Many borrowers and attorneys believe the best way to get Mary her $30K is to do a cash out refinance. Unfortunately, in this situation, a Texas cash out refinance would not be possible. Here’s why: Texas equity laws limit borrowers from taking more than 20% of the equity of their home. This means the maximum loan amount can be 80% of the appraised value of the home. SO, in the scenario above, the max loan amount could be $240K. (80% of $300K) Wait though…. John needs a loan of $270K to pay off the mortgage AND Mary. He is unable to pull her $30K equity from the home. What if this was already ordered in the decree and the divorce was final? Unless John has $30K cash to pay Mary another way, she is unable to collect the equity amount awarded to her.

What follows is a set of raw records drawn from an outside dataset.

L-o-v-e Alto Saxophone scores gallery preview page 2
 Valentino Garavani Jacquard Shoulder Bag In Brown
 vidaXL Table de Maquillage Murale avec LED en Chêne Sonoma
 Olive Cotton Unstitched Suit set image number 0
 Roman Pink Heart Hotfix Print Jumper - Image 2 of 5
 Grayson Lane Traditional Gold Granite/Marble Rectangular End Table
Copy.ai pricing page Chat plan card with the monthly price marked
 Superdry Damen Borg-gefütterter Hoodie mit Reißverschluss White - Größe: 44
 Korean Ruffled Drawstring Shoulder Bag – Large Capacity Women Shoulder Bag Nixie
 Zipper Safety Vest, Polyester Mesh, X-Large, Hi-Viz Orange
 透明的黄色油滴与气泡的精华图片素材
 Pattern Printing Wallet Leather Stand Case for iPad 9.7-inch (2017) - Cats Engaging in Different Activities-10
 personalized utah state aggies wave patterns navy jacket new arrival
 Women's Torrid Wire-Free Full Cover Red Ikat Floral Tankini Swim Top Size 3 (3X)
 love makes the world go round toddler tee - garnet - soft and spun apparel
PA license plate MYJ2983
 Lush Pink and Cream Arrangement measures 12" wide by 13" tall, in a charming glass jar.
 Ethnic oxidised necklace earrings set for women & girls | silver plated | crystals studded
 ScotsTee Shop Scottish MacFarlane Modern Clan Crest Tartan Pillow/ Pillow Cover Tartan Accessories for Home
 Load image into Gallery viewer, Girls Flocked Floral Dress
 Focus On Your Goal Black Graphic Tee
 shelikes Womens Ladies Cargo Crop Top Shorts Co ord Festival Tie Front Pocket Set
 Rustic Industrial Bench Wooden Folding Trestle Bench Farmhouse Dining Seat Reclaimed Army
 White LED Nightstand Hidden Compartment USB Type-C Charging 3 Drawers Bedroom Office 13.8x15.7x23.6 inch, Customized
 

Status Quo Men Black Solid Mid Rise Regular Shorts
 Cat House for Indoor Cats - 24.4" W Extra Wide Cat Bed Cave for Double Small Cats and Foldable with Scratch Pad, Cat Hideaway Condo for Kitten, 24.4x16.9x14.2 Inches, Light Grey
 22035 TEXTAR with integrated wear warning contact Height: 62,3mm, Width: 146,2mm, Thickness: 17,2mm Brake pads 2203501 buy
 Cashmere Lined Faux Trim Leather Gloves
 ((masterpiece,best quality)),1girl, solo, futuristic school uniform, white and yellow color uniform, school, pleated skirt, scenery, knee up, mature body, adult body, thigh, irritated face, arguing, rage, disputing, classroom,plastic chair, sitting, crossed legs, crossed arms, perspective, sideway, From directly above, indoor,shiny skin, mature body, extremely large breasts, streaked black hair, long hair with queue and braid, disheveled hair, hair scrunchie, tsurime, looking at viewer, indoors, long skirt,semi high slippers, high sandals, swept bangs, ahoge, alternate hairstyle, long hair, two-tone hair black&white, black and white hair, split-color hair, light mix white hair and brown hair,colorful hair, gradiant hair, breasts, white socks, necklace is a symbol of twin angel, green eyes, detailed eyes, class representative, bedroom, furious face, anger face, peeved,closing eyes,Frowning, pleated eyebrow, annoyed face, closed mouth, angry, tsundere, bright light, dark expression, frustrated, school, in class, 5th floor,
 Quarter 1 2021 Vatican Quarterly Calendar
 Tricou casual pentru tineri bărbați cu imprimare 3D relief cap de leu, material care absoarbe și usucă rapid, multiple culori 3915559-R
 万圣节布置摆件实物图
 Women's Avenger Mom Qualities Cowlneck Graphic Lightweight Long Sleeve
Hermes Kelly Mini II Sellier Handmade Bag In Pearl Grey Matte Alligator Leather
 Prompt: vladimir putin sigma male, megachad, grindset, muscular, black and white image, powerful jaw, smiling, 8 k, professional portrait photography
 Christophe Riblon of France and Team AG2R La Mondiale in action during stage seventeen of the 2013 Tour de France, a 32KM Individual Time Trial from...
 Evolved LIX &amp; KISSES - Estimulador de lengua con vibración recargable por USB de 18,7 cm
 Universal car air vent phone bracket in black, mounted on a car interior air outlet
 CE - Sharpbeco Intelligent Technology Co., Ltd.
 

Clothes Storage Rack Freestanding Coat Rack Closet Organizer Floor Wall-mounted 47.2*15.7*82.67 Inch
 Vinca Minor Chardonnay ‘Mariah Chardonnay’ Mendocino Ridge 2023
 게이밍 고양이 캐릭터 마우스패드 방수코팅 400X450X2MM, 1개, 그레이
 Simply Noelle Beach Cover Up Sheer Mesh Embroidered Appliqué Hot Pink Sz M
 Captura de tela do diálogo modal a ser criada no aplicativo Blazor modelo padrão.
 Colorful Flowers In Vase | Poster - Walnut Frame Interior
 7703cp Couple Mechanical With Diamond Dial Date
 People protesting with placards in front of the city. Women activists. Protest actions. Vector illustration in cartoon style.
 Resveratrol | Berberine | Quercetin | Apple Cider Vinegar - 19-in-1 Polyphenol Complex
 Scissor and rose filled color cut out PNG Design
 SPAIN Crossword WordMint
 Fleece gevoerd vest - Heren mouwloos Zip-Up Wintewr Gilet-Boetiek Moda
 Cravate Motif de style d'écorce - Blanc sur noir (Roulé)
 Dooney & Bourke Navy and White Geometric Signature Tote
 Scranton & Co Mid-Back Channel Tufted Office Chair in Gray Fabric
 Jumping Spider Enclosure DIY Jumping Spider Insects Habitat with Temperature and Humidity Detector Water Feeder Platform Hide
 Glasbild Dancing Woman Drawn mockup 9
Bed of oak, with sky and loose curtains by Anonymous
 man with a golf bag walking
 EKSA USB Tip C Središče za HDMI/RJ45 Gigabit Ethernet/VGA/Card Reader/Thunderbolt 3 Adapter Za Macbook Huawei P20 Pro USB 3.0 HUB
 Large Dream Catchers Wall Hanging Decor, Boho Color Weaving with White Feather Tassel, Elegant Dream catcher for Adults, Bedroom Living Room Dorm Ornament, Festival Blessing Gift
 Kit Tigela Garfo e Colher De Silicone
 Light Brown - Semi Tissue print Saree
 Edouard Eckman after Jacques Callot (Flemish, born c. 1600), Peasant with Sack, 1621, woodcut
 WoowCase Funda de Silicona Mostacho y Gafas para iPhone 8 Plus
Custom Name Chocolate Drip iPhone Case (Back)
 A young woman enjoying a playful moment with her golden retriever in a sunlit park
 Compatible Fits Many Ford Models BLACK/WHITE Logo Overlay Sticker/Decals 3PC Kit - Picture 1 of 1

Good news though… if John and Mary and their attorneys understand the situation before the decree is final, Mary will be able to use an owelty lien to access her $30K equity in the property. With an owelty lien in place, the loan amount can go up to 95% of the value of the property. John will be able to get a loan for $275K which can pay off his current mortgage, Mary’s $30K and roll in any closing costs. His rate will be the same as any other rate/term refinance and Texas equity laws do not impact the loan. The amount is paid to Mary directly at closing and is shown on the final Closing Disclosure.  Win-Win for all parties!

I can’t stress enough how important it is to involve a lender early in the process, so everyone is aware of the exact circumstances and goals of the clients before a decree is written.